My fellow blogger Karthik Shashidhar (and his wife Priyanka Bharadwaj) started an interesting conversation on his personal blog on the grand old market in India: arranged marriage. They assert that the arranged marriage market has become increasingly illiquid, and hence unattractive.

Both Priyanka and Karthik raise an important point that can look obvious in hindsight – that as people exit the arranged marriage market in India, the market becomes smaller, more “illiquid”, and as people are unable to find suitable partners there – they continue to exit. Almost all markets have positive network effects too – the more the number of “buyers” and “sellers”, the healthier a market usually is. However, in a society divided by caste, class and religion, marriage markets were always small and illiquid, and it requires greater evidence to establish that arranged marriage markets today are necessarily less liquid than markets of previous generations.
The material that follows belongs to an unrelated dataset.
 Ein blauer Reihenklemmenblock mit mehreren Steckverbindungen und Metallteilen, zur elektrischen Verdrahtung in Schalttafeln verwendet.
Marriage is a curious contract that is both a labour union and a union of capital, which usually ends up creating a larger labour pool over time. ‘Arranging’ the marriages of suitable men and women has been the done thing for centuries if not millennia among large numbers of people. Finding a spouse involves heavy search costs no matter how you go about it and failed relationships constitute a significant sunk cost too. (Though apparently, people can learn from their failures. As Douglas Adams said it, “You live and you learn. At any rate, you live.”) There’s also significant information asymmetry involved – marriage is a serious affair after all, and you need to know a good amount of details any potential spouse before entering into such a contract. Further, in large families, it wasn’t just two individuals who got married, but two households.
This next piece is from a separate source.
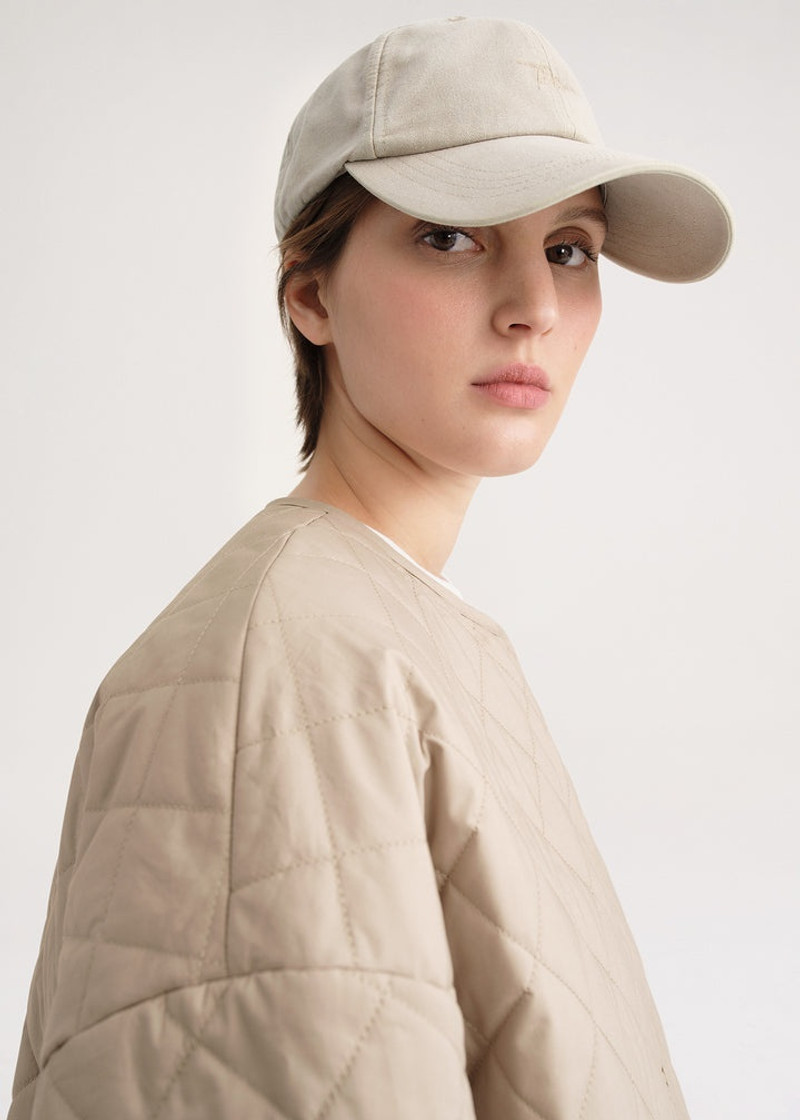 Totême Embroidered soft cap travertine outlook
“Arrangements” were an ideal solution to the marriage market, and it can be argued that arranged marriages provided better outcomes. Extended families and networks solved the search cost challenge, and the same networks could also solve the information asymmetry challenge – of whether the spouses were well off, were from “good families” and more.

I would argue that in the marriage market in India today, two things have happened: one, that the nature of information asymmetry has significantly changed; and two, that the arranged marriage market has become a market for lemons.
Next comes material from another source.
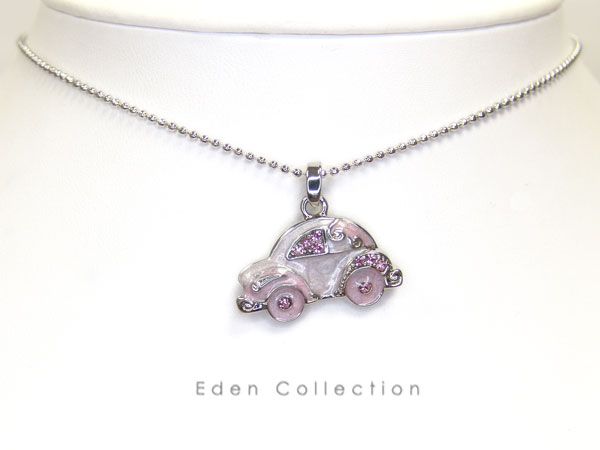 Pink Enamel Bug Car Pendant Light Rose Crystal Necklace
The nature of information asymmetry has changed because people look for different things in spouses – for shared interests, temperaments, greater personal compatibility and more. While financial and familial backgrounds may still matter, the asymmetry in that information is usually more readily solved. Traditional arranged marriage market mechanisms and networks fail to provide symmetry in the new kinds of information, and this makes the arranged market start failing. Also, this is happening in parallel with dating and other competing mechanisms that are making new marriage markets.

So this means that a “good” partner is unable to differentiate themselves from a “bad” partner in an arranged marriage market – and the lack of differentiation results in an overall devaluation of the “goodness” of a partner or a match. As the more high-value partners and people start moving out of the arranged marriage market to others, you are increasingly left with people who continue in the arranged marriage market because of poor choice – with them being adversely selected. Thus arranged marriage markets can become markets for lemons.

This is not to say that it’s impossible to have a happy arranged marriage these days. Nor is it inconceivable that both technology and society can evolve new ways of disrupting markets for lemons. The classic lemon market, that of second-hand cars in the US, is now a thriving one where information asymmetry is a thing of the past.